Spiritualitas Evangelisasi Baru
Evangelisasi (Latin: evangelizzare) biasa diartikan sebagai penginjilan atau pewartaan Injil, mewartakan nilai-nilai Kerajaan Allah. Dalam konteks bidang sosial politik, bidang ini juga merupakan medan kerasulan yang harus diperhatikan. Umat Katolik diutus untuk menjalankan misi (Latin: mittere) menjadi garam dan terang dalam dunia politik.
Ada beberapa hal yang harus diperhatikan dalam evangelisasi, yang menjadi dasar atau spiritualitas yang harus kita perhatikan:
- Evangelisasi menuntut pertobatan. Pertobatan yang dimaksud pertama-tama ditujukan kepada semua orang. Yohanes Pembaptis (dalam Mrk 1:15) menyerukan pertobatan. Untuk melaksanakan misi, pertama-tama haruslah melakukan pertobatan.

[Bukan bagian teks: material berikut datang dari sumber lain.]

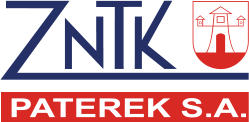 logo-kontakt-podstrona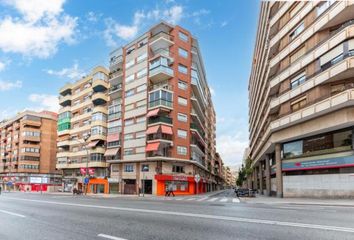 Apartamento en  Distrito 1, Alicante/alacant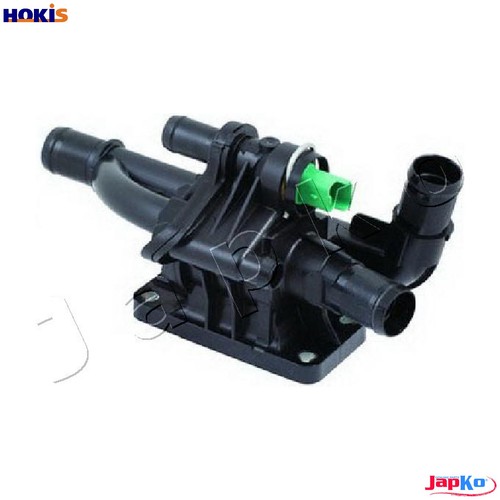 Thermostat coolant 38ci02 for - coolant,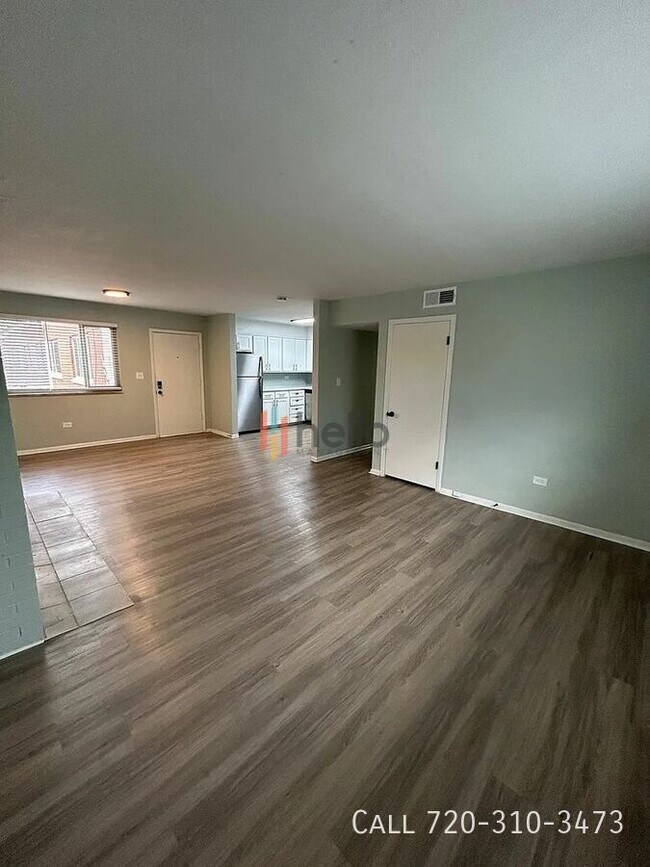 Building Photo - 1220 Pierce St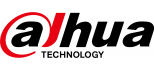 Dahua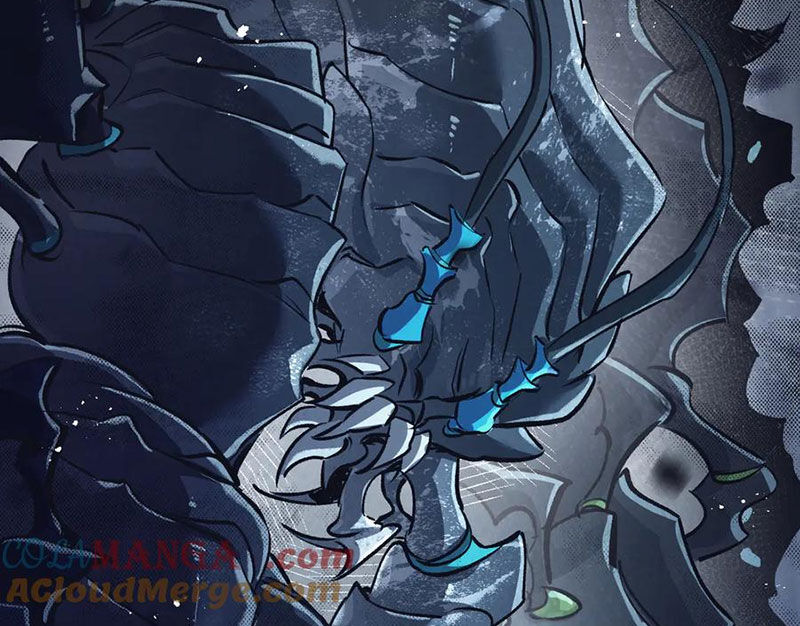 Nông Trường Siêu Cấp Ở Tận Thế Chap 68 - Next Chap 69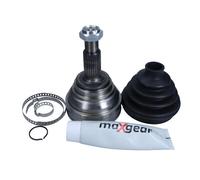 MAXGEAR 49-3193 Joint kit, drive shaft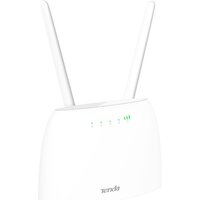 Tenda 4G06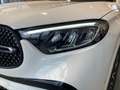 Mercedes-Benz GLC 300 e 4M AMG-Line+Night+AHK+DISTRON+MBUX+Kam Weiß - thumbnail 15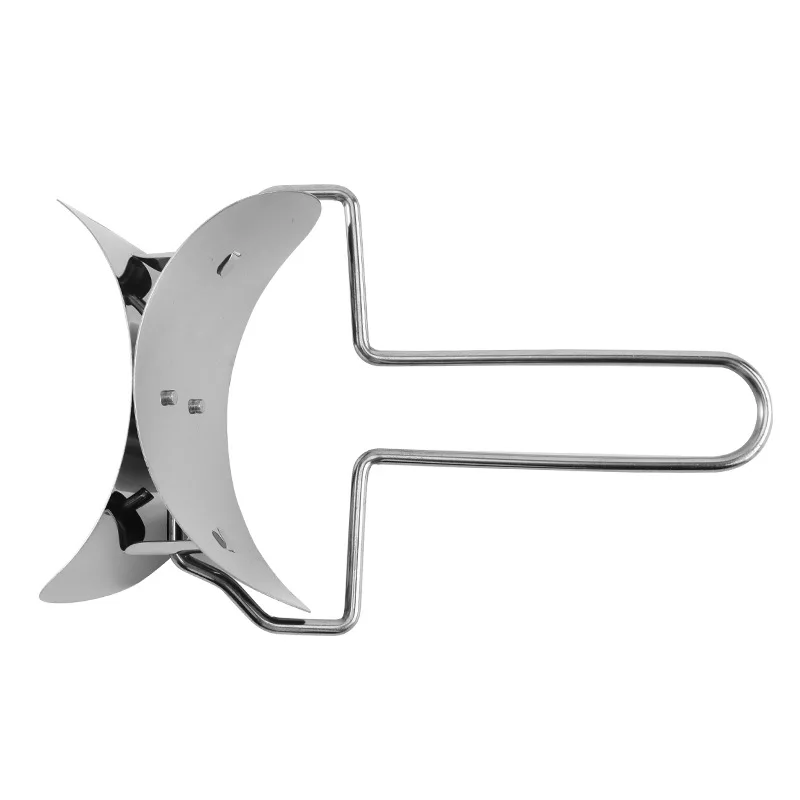 Slide image 10b8f2cf15114f6c822b537f4ee18c3b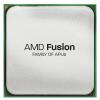 AMD A4-3300 Llano (FM1, 1024Kb L2)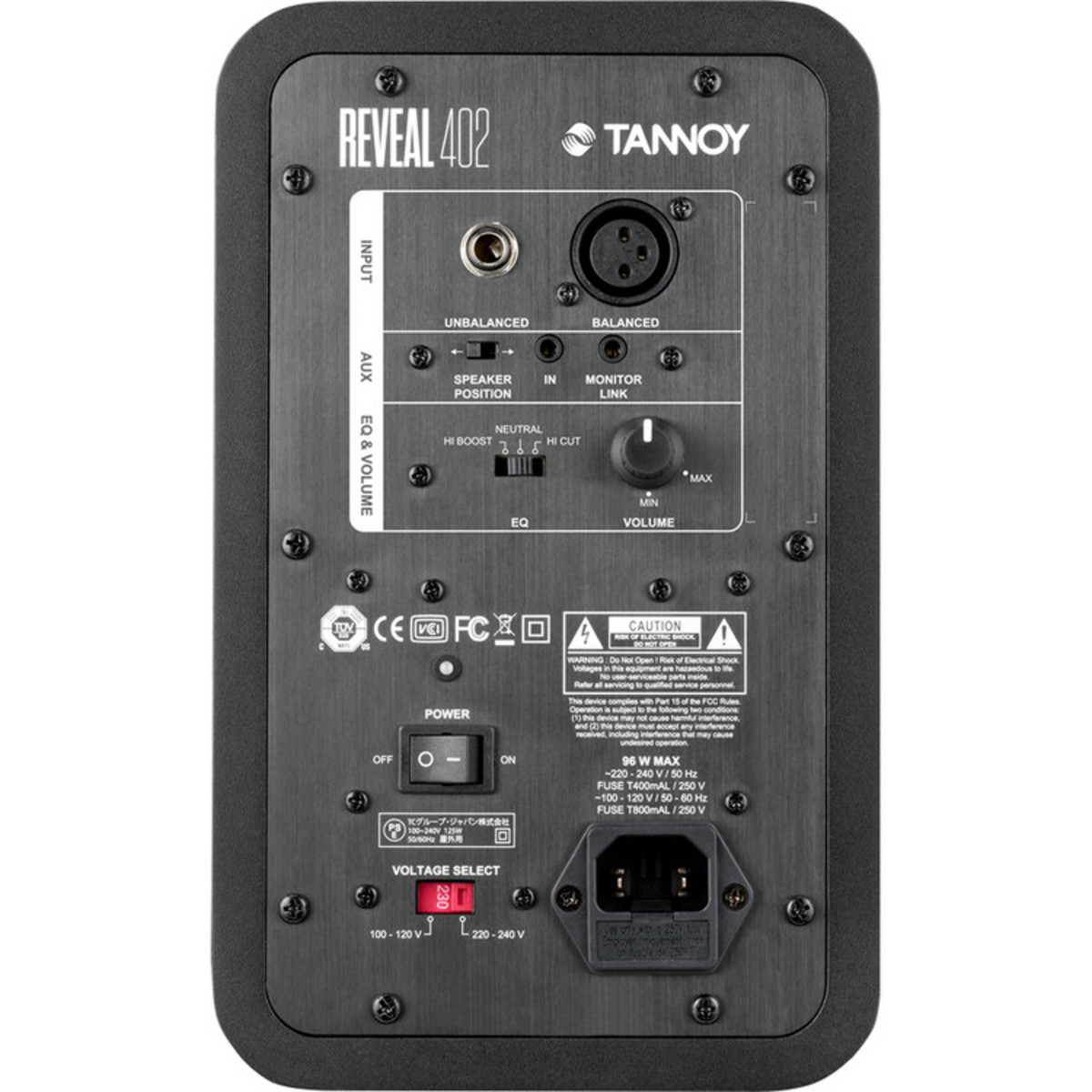 tannoy-reveal-402_5b599f3ab9184.jpg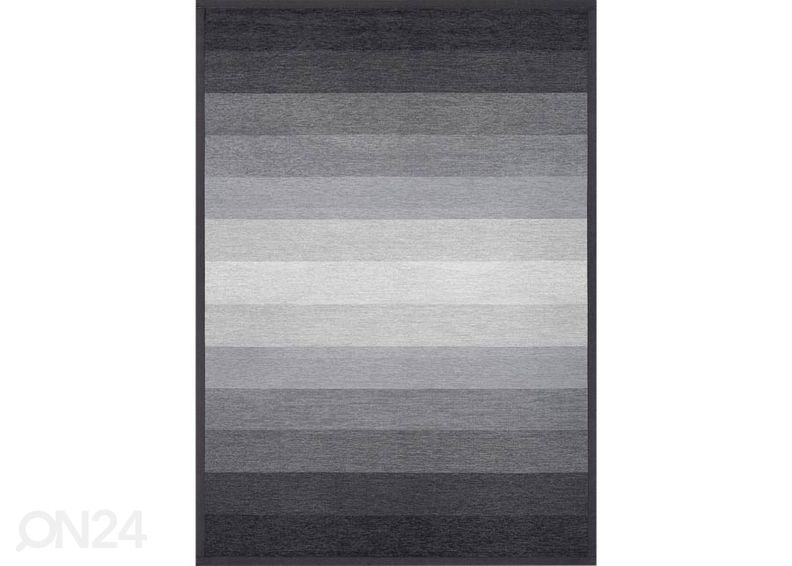 Narma smartWeave® ковер Merise grey 70x140 см увеличить
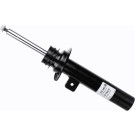 Sachs | Stoßdämpfer | 318 292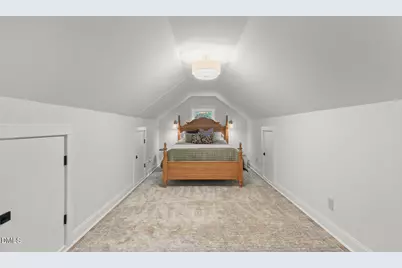 11701 Pacesferry Drive, Raleigh, NC 27614 - Photo 33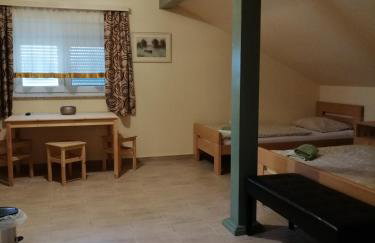 Sobe Gondola Sotin - Foto 31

Harus ada perubahan dalam diri sendiri, kemudian kita akan menjadi rasul yang mewartakan pertobatan itu sendiri. Perubahan akan terjadi bila setiap orang memulai dari diri sendiri.
- “Barangsiapa mempunyai dua helai baju, hendaklah ia membaginya dengan yang tidak punya, dan barangsiapa mempunyai makanan, hendaklah ia berbuat juga demikian”. (Luk 3:11). Evangelisasi baru diwarnai dengan sikap “kerelaan memberi”. Kalau dalam situasi sebelumnya, kita lebih banyak mencari dan mencari, dalam evangelisasi baru, kita harus sanggup untuk memberikan sesuatu kepada negara, Gereja dan masyarakat. Hendaknya ini menjadi spiritualitas bagi kaum awam yang terlibat dalam bidang sosial politik.

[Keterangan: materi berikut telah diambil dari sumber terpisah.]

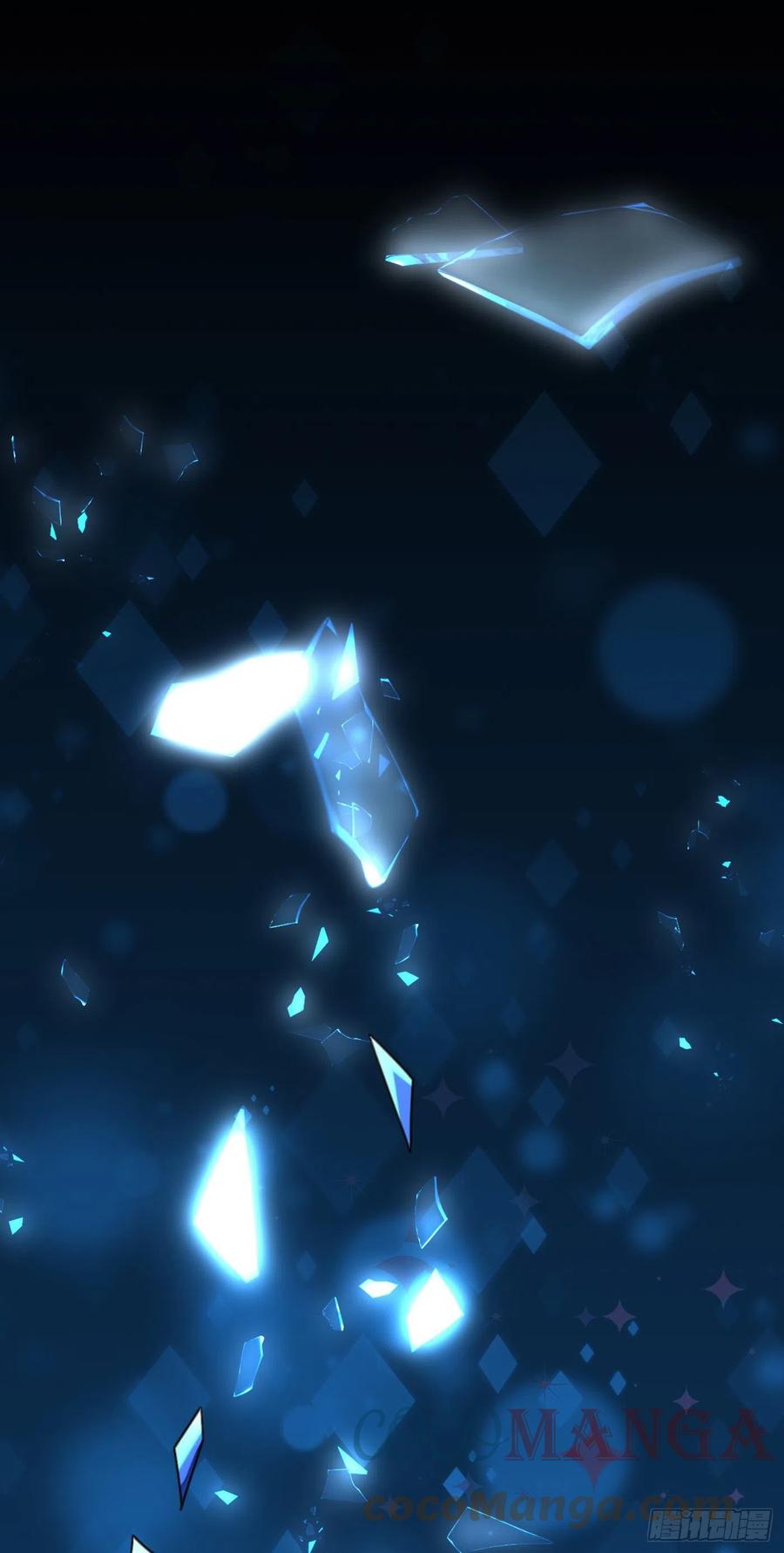 《今夜恶女降临》第1话 靠虐渣就变强？！ 第31页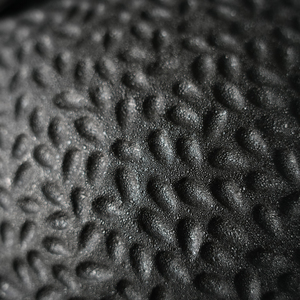 2025年製 オープレックス チャコールスモーカー バーベキュー カマド 22インチ 大型 カマドグリル BBQ アウトドアガーデン用 - Product Image 4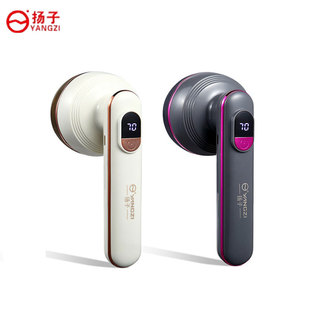 �P��ë���޼����¿����Dʽ�h�����W�����޳�ë�����ȥ������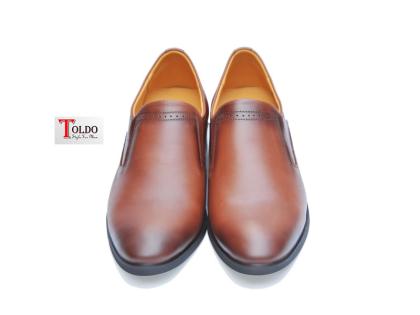 giày màu nâu siêu nhẹ tăng chiều cao-4.jpg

- “Jangan menagih lebih banyak dari pada yang telah ditentukan bagimu”. (Luk 3:13). Kalimat ini disampaikan oleh Yesus kepada pemungut cukai. Kutipan ini menekankan dimensi kejujuran. Menjalankan sebuah misi sangat perlu dijiwai oleh kejujuran.

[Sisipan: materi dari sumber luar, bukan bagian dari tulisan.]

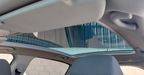 Peugeot 308 1.6 ALLURE Hatchback 2016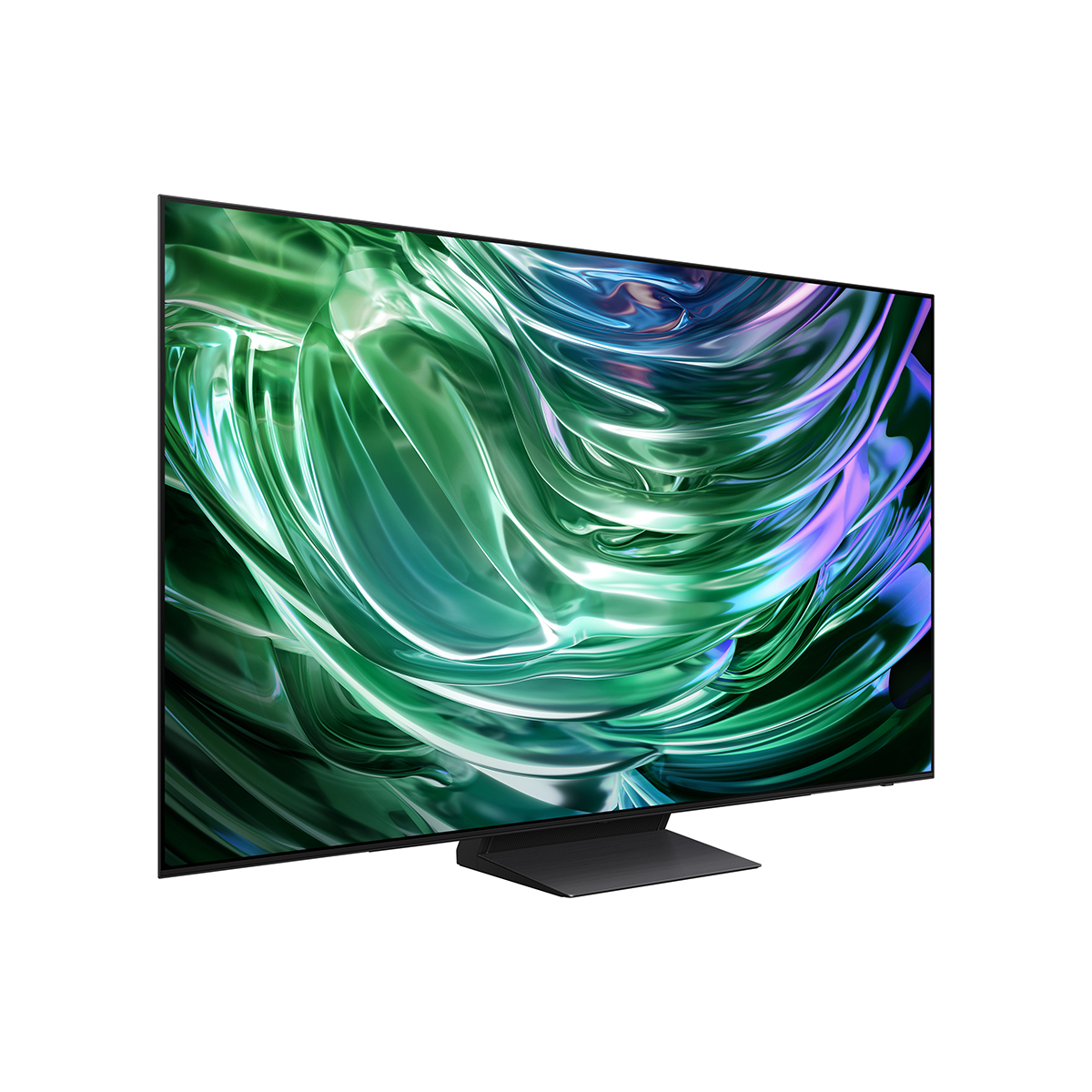 삼성 OLED TV KQ55SD90AFXKR 138cm (55)
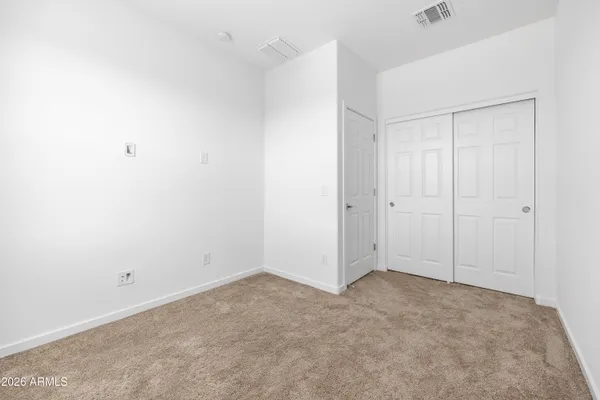 $2,350 | 2019 North Marketside Avenue, Buckeye, AZ 85396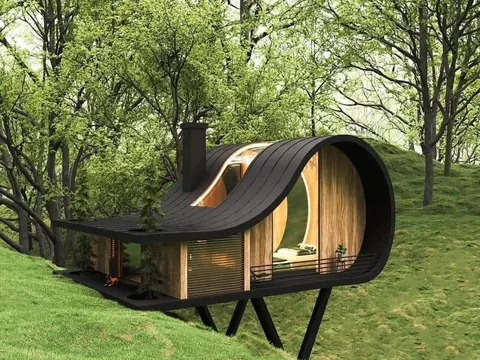 Nhiều sai phạm trong dự án của FLC tại Kon Tum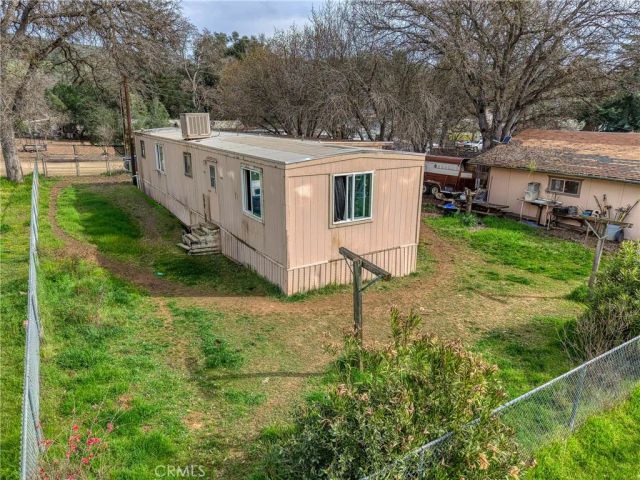 3393 Green, Clearlake, CA 95422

- Dan prajurit-prajurit bertanya juga kepadanya: “Dan kami, apakah yang harus kami perbuat?” Jawab Yohanes kepada mereka: “Jangan merampas dan jangan memeras dan cukupkanlah dirimu dengan gajimu..” (Luk 3:14). Kiranya ini menjadi perwujudan dari sikap yang lebih banyak memberi daripada mencari.
- Evangelisasi Baru memerlukan kontekstualisasi. Kontekstualisasi mengandaikan dua hal: pertama, pemahaman yang tepat situasi sejaman ketika ajaran itu diturunkan. Dengan pemahaman yang tepat itu, kita dapat menangkap ajaran secara lebih persis dan tidak terkooptasi oleh hal-hal sampingan yang tak termasuk essensi dan inti ajaran yang mau disampaikan. Kedua, pencermatan yang mendalam atas situasi yang dihadapi masa kini. Ketepatan dan kecermatan dalam mengamati situasi sekarang ini menjadi pintu masuk pengetrapan ajaran agama secara benar dan dapat dipertanggungjawabkan.
- Pertemuan pribadi dengan Yesus Kristus. Kami mewartakan Dia yang telah kami lihat, kami dengar dan kami raba (bdk. 1 Yoh 1:1-3). Semangat kita harus selalu diwarnai dengan perjumpaan dengan Yesus. Hubungan pribadi dengan Yesus yang dibangun melalui doa, perjamuan bersama Yesus dalam Perayaan Ekaristi harus menjadi roh dan semangat kita dalam melaksanakan tugas perutusan.
- Kegairahan untuk tugas perutusan. Tugas untuk mewartakan Injil tidak boleh dianggap sebagai tugas yang membebankan. Dalam mewartakan Injil, harus ada sukacita dan diterima sebagai suatu tugas mulia dan dilaksanakan dengan penuh kegembiraan.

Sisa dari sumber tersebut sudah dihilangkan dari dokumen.